Not only is finding a space on campus a big issue for most, but keeping that space without negative repercussion is certainly a challenge.
Over the past few years, the enrollment at Ole Miss has increased significantly, totaling 20,096 in fall of 2014, an all-time high for the school.
However, according the UM Department of Parking and Transportation, there are approximately 14,377 parking spaces available for all students and faculty of the university, causing a major transportation complication.
With only nine parking zones to accommodate student and faculty parking, the university began taking measures to handle the overcrowding and lack of availability.
UM began construction on the Pavilion Parking garage in December 2013, and it was completed this year.
The lot houses 800 spots, and most spaces are sold as reserved parking places by way of permit, while other spots will be open for pay-per-time-used for those with or without a university-issued permit.
However, some permit holders who purchased a space in the Pavilion are still having issues with overcrowding. Permit holders like, Jamie Nelms, is a professor and tutor at Ole Miss.
“It gets ridiculous,” said Nelms. “My husband and I will try to park there, but we have to get there super early just to find a spot. And half the time, we end up getting there and there’s nothing open. It feels pointless to even buy a parking pass if they are just going to fill up before you get the chance to use it.”
Despite complaints and the university’s measures to increase parking availability, there are still significant issues, one being construction on campus and the restrictions this places on surrounding areas.
While construction projects, such as the student union and new student housing are under way, this strains the parking options available to residents in these areas.

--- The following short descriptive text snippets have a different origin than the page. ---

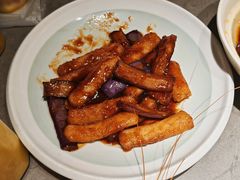 -阿毛饭店(和义路店)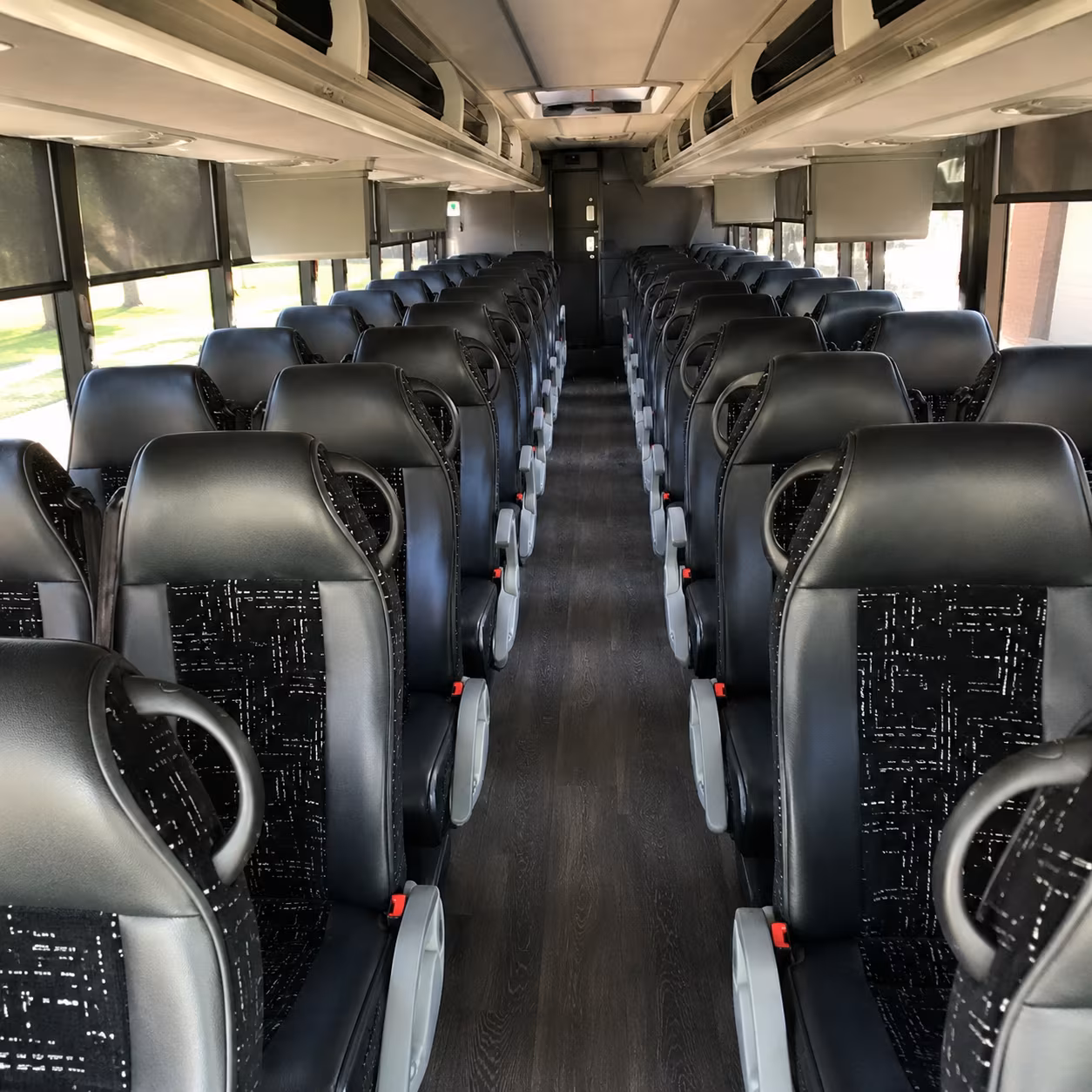 hackensack long distance transportation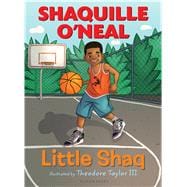 Little Shaq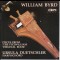 William Byrd - Harpsichord Works - Ursula Duetschler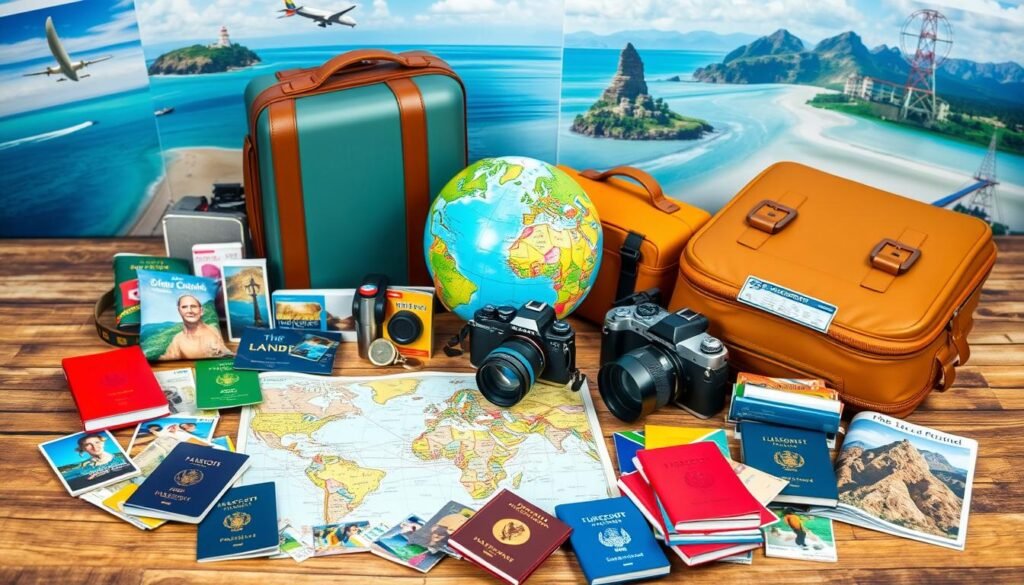 travel tips and tricks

Students who would usually park in the Minor Hall Residential Central lot now must look for parking in one of the other two lots open for use. However, these lots only have enough spaces for the number of students living in the surrounding areas, so the conflict continues.
Marissa Caputo, a Residential Central parking permit holder and resident at the Alpha Delta Pi house, believes the main issue lies in the fact the Department of Parking and Transportation oversold the number of passes offered compared to the number of spaces actually available.
“I can’t even get near my house because there is honestly nowhere to park,” said Caputo. “If you want a spot, you better be ready to drive around for 30 minutes. Plus, if you do find a spot that you think is fine, you usually get a ticket for no reason. They gave me a $250 ticket for ‘blocking a handicap walkway’ on the curb when I was really 10 ft. away from it. When I tried to appeal it, they wouldn’t listen to me and denied my request.”
Just like Caputo, many students and faculty have complained about the number of parking tickets issued by the university along with lack of parking spaces.
One student, Kaila Smith, was issued three parking tickets within five minutes of each other. Smith has a commuter decal and usually spends 30-45 minutes daily to search for a parking space.
One day, she left her car outside a residence hall for 10 minutes to pick up a friend. When she returned, there were three tickets on her windshield for parking in a “restricted lot,” and because she didn’t have a residential decal, the university would not appeal them.
Along with ticketing, parking zone restrictions have been a big issue.
Penalties, fines, tickets, hours of operation, etc., are all topics that should be addressed when purchasing parking permits, but seldom are. Many students and faculty do not realize the restrictions that come with their specific parking decals and are not aware of the consequences of breaking these restrictions until the university has already taken action.
For example, most students do not know that both the athletic department and parking services can have your car towed after 7 p.m. on Fridays before game day weekends, even though you are a resident parked in Residential Park-N-Ride.
“I had had my car parked there for three weeks without any issues,” said Nick Garrett. “But then I got a call one Sunday from a tow company saying my car had been there since the last home game (nine days earlier) and they had been trying to reach me.
“Apparently, the university wouldn’t give out my information to the tow place, but they also didn’t let me know they had had my car towed at all. So, I got stuck paying $320 for something that could have been handled if they had just told me I needed to move it in the first place.”
Though problems with parking remain, the university works towards resolving what they can. As the university continues to grow, so does the hope of students and faculty that the issues with parking will eventually diminish until a solution is found.